N & C M Henderson – A Case Study
The business N & C M Henderson is located outside the village of Blackwaterfoot on the island of Arran. The business is owned and operated by David Henderson, who farms in partnership with his parents and family. David is a conventional, traditional upland farmer, with a mix of enterprises that include a commercial breeding herd and flock, he also grows forage crops, silage and hay – the latter two of which he sells on occasion. The main unit is Kilpatrick, but like many others on the island, the business also has land around the village and up the Shiskine Valley. In addition to his farm, David is also the island’s presentative in the National Farmers Union and the contract farmer for the local Dougarie Estate.
The farm extends to just over 178 hectares of permanent land, with an additional 25 hectares seasonal and includes a mosaic of different land types and habitats. At Kilpatrick, the farm is comprised mostly of improved grassland pasture, productive and used for grazing and silage, with areas of heath and rough grazing along the coast and towards the hills at the rear of the farm. In the Shiskine Valley, much of the land is more natural, with fields of rush pasture and unimproved grassland.

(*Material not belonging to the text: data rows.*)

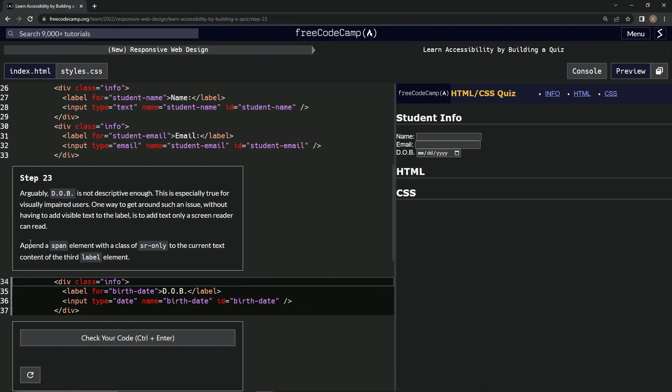Okay, so we're going to append a span element with the class of sr-only to the current text content of the third label element.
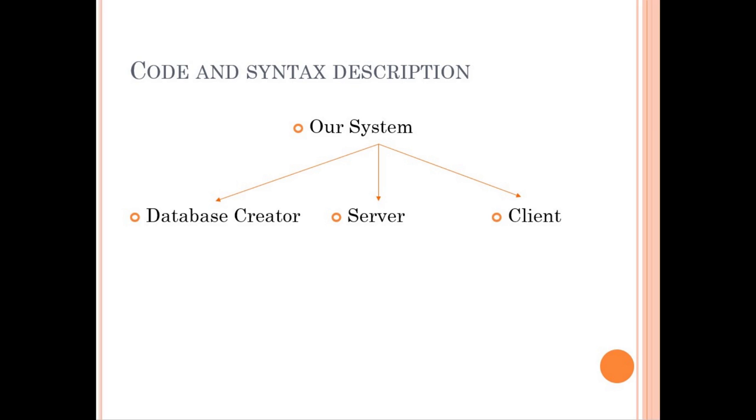As you can see, our system has three parts. And these parts are database creator, server, and client. Let's start with database creator.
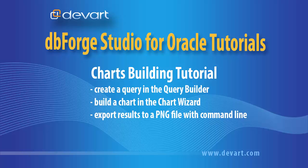Let's create a query in the Visual Designer, build a chart, and export results to a PNG file with command line.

David has been a keen supporter of the Net Zero Arran group and FAS Connect, since the inception of the group in 2019/20 and views carbon savings as tied to efficiency and better overall business performance. The business was a participant of the Beef Efficiency Scheme and has continued auditing since the scheme ended, as a result, their last carbon audit is the sixth completed by the business.

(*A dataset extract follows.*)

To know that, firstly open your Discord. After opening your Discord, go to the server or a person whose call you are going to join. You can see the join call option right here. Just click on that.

Why Benchmark Against Kilograms Of Agricultural Output?
When carbon auditing a farming business, benchmarking carbon emissions against kilograms of agricultural output sold provides a standardised and practical way to measure and compare environmental impact. This approach normalises emissions data, accounting for differences in farm size, production systems, and types of agricultural activities. By linking emissions to output, such as meat, wool or grain sold, it becomes possible to evaluate how efficiently a farm is using its resources relative to the products it generates.
This method emphasises the relationship between productivity and environmental sustainability. By focusing on emissions per unit of output, farmers can identify areas where improvements in efficiency can simultaneously reduce emissions and enhance profitability. For instance, practices that improve feed efficiency or herd health can lower emissions while maintaining or increasing the volume of high-quality products sold.
Additionally, this benchmarking approach facilitates fair comparisons across farms and aligns with global sustainability standards, which often assess environmental performance in terms of emissions intensity. It also resonates with market and consumer demands for transparency about the environmental impact of agricultural products, making it easier to communicate the carbon footprint of goods in a meaningful way.
Ultimately, benchmarking emissions against agricultural output highlights opportunities for sustainable intensification, encouraging farmers to adopt practices that balance economic viability with environmental stewardship while contributing to broader climate goals.
Results Since 2019
- Since 2019, when emissions were at their highest, the business has cut emissions by 122,831 kg CO2e, a 20% reduction against 2025 performance
- With support, investment and time, consistent improvement and implementation of positive change is possible
- Better grassland and soil management will help to counter the need for artificial inputs
Since engaging with Net Zero Arran in 2021 the business has complete three carbon audits, the results of which have been summarised in the charts in this report.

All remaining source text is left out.